We've spoken quite a bit over the last year about the future of advertising. We've aggregated countless articles about the advertising agency model and the future of advertising in general. Today we would like to feature an article from Psfk.com that weighs heavily on the notion that the future of advertising is found in UI design (or user interface design); from Apple's sleek user intuitive iPhone interface to many tablets and netbooks. Read more below:
A recent Core77 interview with ‘cyborg anthropologist’ Amber Case got us thinking about the central role that user interface design plays in how brands connect with people. Case is a TED speaker that was also named one of Fast Company’s most influential women in technology in 2010, for her exploratory work in understanding how human experience evolves with technology, and how technology in turn affects our humanity. While the interview sheds light on a few notions Case is exploring around technology’s future role in our lives, we were particularly provoked by her vision of a world full of invisible interfaces. To illustrate (according to Case):
At my house there’s a GPS circle set up so when I get home it automatically triggers my electricity and when I leave it turns off. It’s an invisible light switch that removes any required actions. You never come home to a dark house.

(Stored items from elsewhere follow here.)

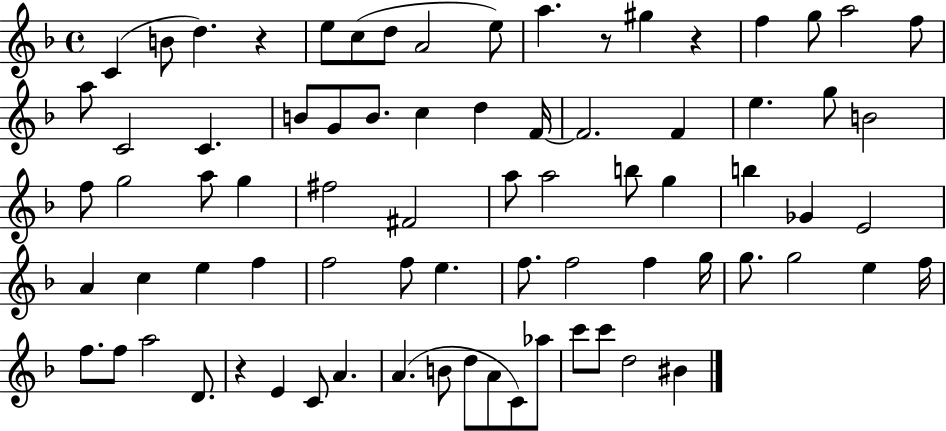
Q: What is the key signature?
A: F major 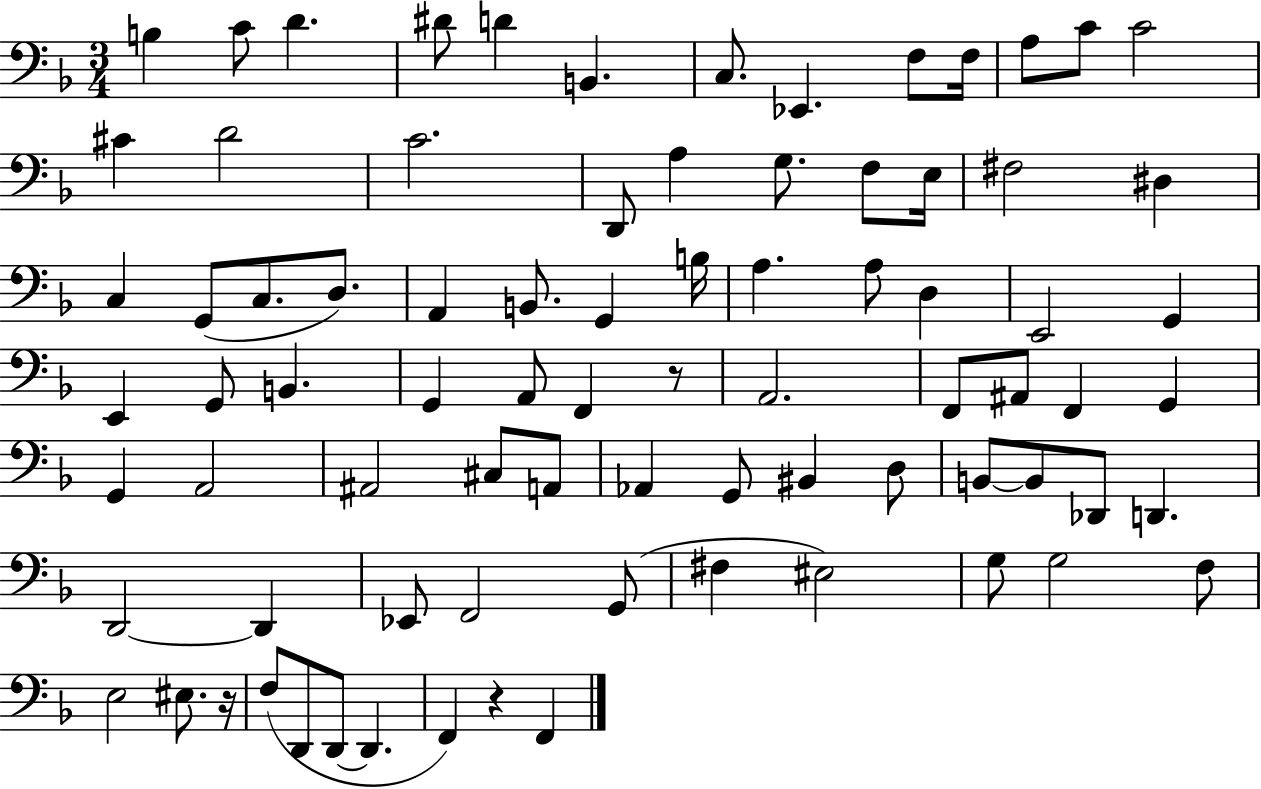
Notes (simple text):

B3/q C4/e D4/q. D#4/e D4/q B2/q. C3/e. Eb2/q. F3/e F3/s A3/e C4/e C4/h C#4/q D4/h C4/h. D2/e A3/q G3/e. F3/e E3/s F#3/h D#3/q C3/q G2/e C3/e. D3/e. A2/q B2/e. G2/q B3/s A3/q. A3/e D3/q E2/h G2/q E2/q G2/e B2/q. G2/q A2/e F2/q R/e A2/h. F2/e A#2/e F2/q G2/q G2/q A2/h A#2/h C#3/e A2/e Ab2/q G2/e BIS2/q D3/e B2/e B2/e Db2/e D2/q. D2/h D2/q Eb2/e F2/h G2/e F#3/q EIS3/h G3/e G3/h F3/e E3/h EIS3/e. R/s F3/e D2/e D2/e D2/q. F2/q R/q F2/q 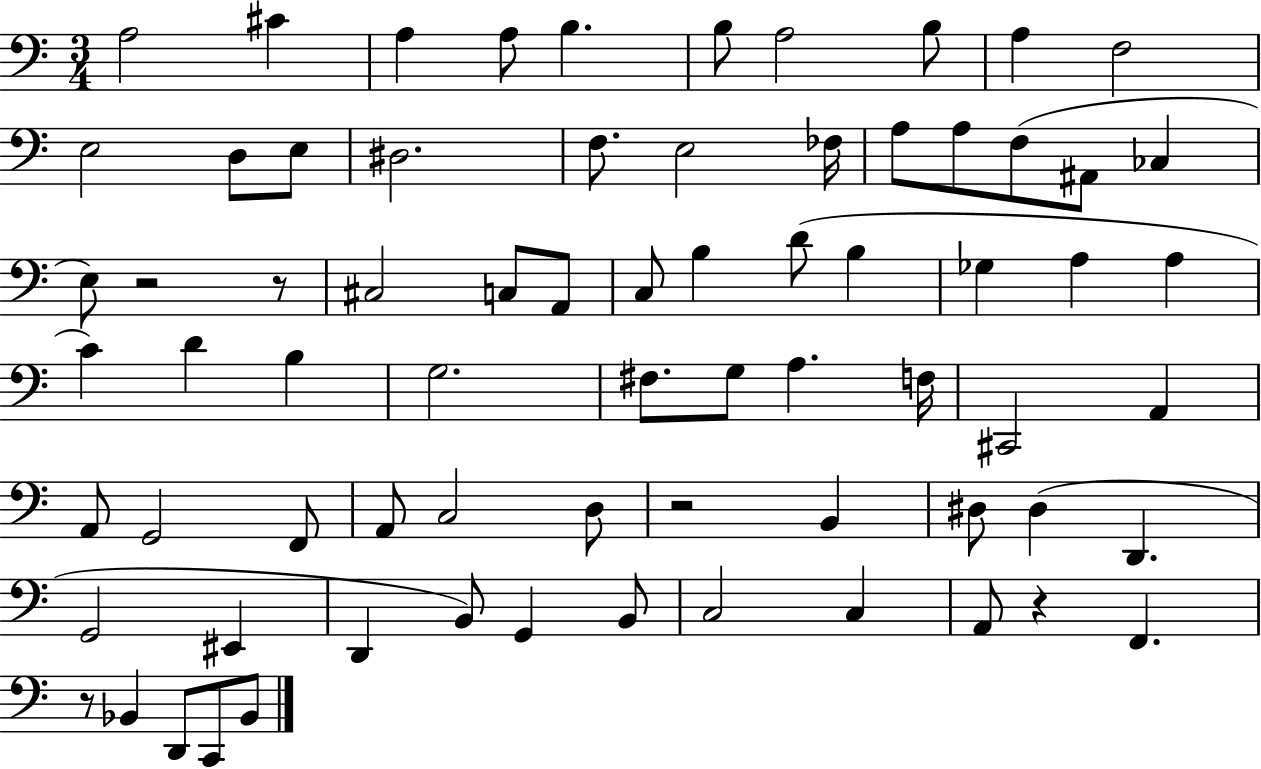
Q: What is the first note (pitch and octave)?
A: A3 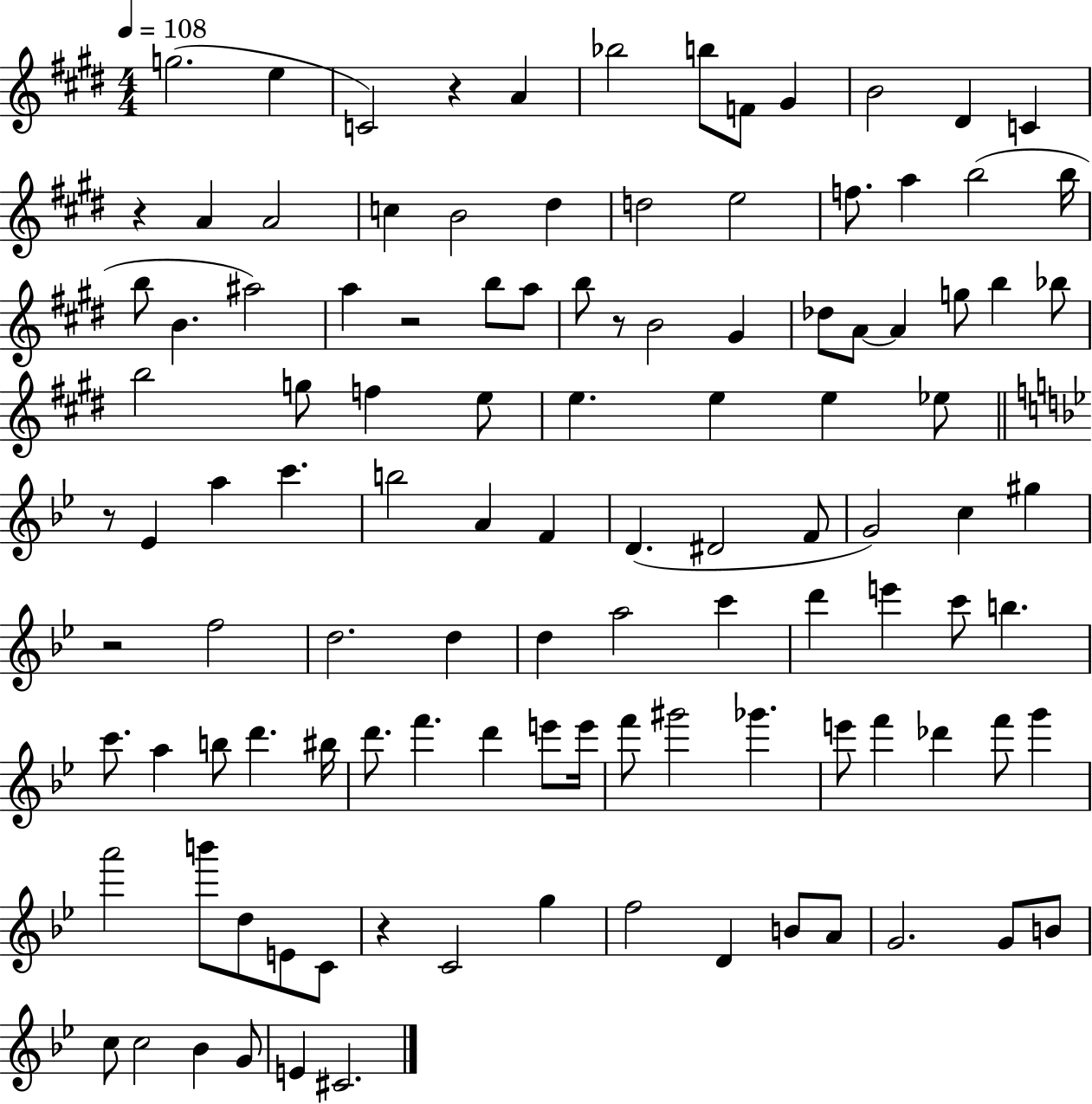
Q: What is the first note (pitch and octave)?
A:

The interview reveals Case’s belief that interfaces are increasingly becoming the essence of our experience, as digital technologies permeate nearly every aspect of our lives. They’re the gateway we use to obtain information online, to entertain ourselves and to connect to others when an in-person interaction isn’t possible–and oftentimes even during those in-person interactions. In a more dramatic example, a family not being able to obtain hospital location information online quickly and accurately, highlights the essential life or death benefit of a well designed and thought-out interface.
We don’t have to look further than CES to see Case’s notion of the importance of interfaces come to life. We’re seeing smart TVs that are operated and controlled by your voice, gestures or facial recognition, and we’ve already begun to see how touch, gesture and increasingly voice-based recognition, have changed how we interact with our phones and tablets, and expect to be able to interact on this level with other devices before long.